Furthermore, it has been demonstrated that there is a presence of PPARs in reconstructed skin. The expression of filaggrin and other functional proteins significantly increases with PPAR agonist supplement in normal models [31]. In the literature, it was found that DHA has difficulty effectively adhering to the skin; hence, all data were based on the association between incubation with DHA and normal or FLG-deficient models, whereas very little literature is based on the question of topical DHA application in reconstructed human epidermis (RHE) models. Only a small clinical trial indicated a therapeutic effect in AD patients after topical application for two weeks [32]. In the present study, we firstly generated a normal RHE to investigate the topical effects of DHA. Second, we made a simple formula (Table S2) to ensure that DHA can stably attach to the surface of RHE. We also observed that SC became thicker after topical treatment with DHA (Figure 3), which agrees with previous findings [31]. Another important function of filaggrin is its dephosphorylation degradation product, natural moisturizing factor (NMF), which affects multiple crucial functions in the maintenance of epidermal homeostasis.
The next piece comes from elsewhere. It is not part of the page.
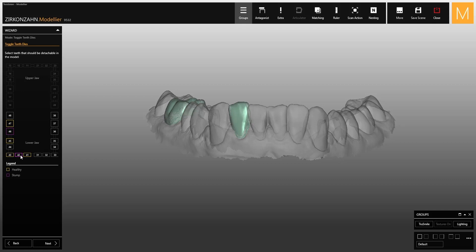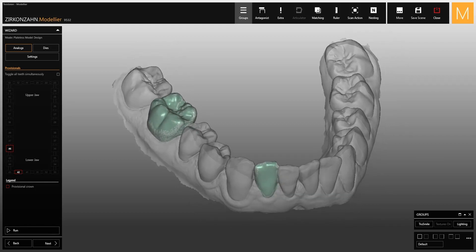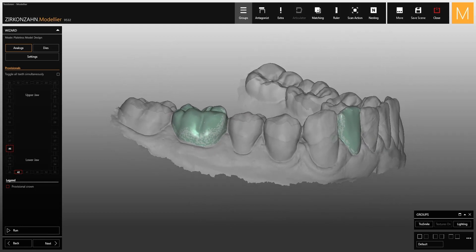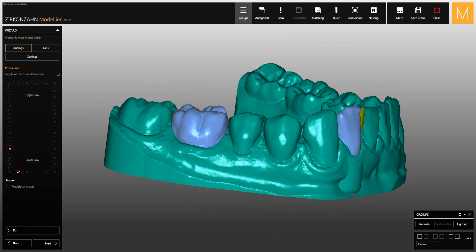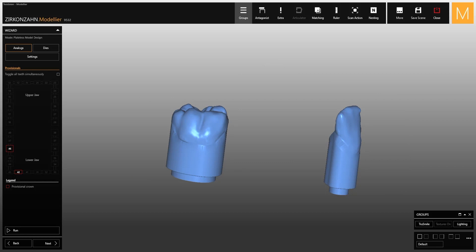Within the arch preview, you can select the teeth as temporary crowns by clicking on the individual teeth of the reconstruction, which will appear in red. In this way, when you create the model, removable abutments will be inserted with the modeled anatomies.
Natural moisturizing factor not only modulates the skin pH and acidification and increases water retention, but also shows the inhibitory influence of pathogenic microorganism colonization and has a positive effect on filaggrin-processing enzyme activity [33]. Thus, we demonstrated for the first time that upregulation of filaggrin works in RHE models after topical treatment with a DHA formula and DHA also increases filaggrin and loricrin expression. Interestingly, IVL was not affected by DHA (Figure 3).
As mentioned in the literature review, an inflammatory environment and microbial infection are other important risk factors for inducing and aggravating AD. Lipopolysaccharide, a pathogen-associated molecular pattern (PAMP), can trigger toll-like receptors (TLRs) to produce pro-cytokines in human keratinocytes [34], which can act as a microbial infection to generate an inflammatory environment in this model. Poly I:C is known as a TLR3 ligand stimulator that can imitate double-stranded RNA to induce an acute immune response in human keratinocytes. Although there are some AD-like feature RHE models induced by certain regulatory factors in previous studies [35], this study first developed an AD-associated feature RHE model induced using poly I:C plus LPS. The concentrations of poly I:C and LPS were chosen according to Figure S1 and previous research [36,37]. After treatment of RHE with the stimulation cocktail, the epidermal morphology was changed and brought about spongiosis, which agrees with other AD-like models [38] and the characteristics of AD patients [39] (Figure 4). It is interesting to note that the results of HE are well in line with morphological characteristics of epidermal models induced by IL-3 and IL-14 [40]. Meanwhile, the stimulation cocktail decreased the distribution of barrier proteins like FLG, LOR, and IVL (Figure 5), which is similar to other AD-like skin models in vitro [41,42]. Here, we first demonstrated that the upregulation of FLG and LOR works in inflammatory RHE models after supplementary topical treatment with DHA (Figure 4).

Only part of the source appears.